British banking giant HSBC has reported pre-tax profit of $4.62bn for the third quarter of 2017, a surge of 448% over $843m reported a year ago.
However, adjusted pre-tax profit for the period ended 30 September 2017 dipped 1% to $5.44bn from $5.52bn in the third quarter of 2016.
Compared to the previous year, the bank’s reported revenue jumped 36% to $12.98bn and adjusted revenue increased 2% to $13.03bn.
Net interest income stood at $7.12bn, down 1% from $7.18bn last year. Total operating expenses dropped 2% year-on-year to $8.54bn.
The banking group’s common equity tier 1 ratio at the end of September 2017 was 14.6%.
HSBC’s retail banking and wealth management unit reported adjusted pre-tax profit of $1.7bn for the third quarter of 2017, up 11% from $1.53bn in the corresponding quarter of 2016.
Adjusted pre-tax profit at the bank’s global private banking division was $55m, a slump of 23% from $72m a year earlier.

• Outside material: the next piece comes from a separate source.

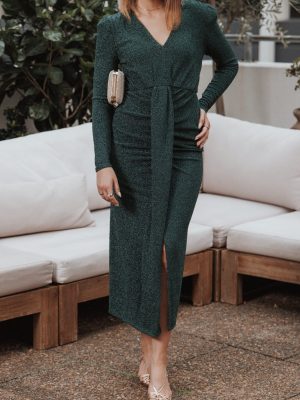 Grayson Maxi Dress - Emerald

HSBC CEO Stuart Gulliver said: “We maintained good momentum in the third quarter, with higher revenue in our three main global businesses. We also continued to make good progress with the strategic actions we set out in 2015. Our international network continued to deliver strong growth in the third quarter, and our pivot to Asia is driving higher returns and lending growth, particularly in Hong Kong.”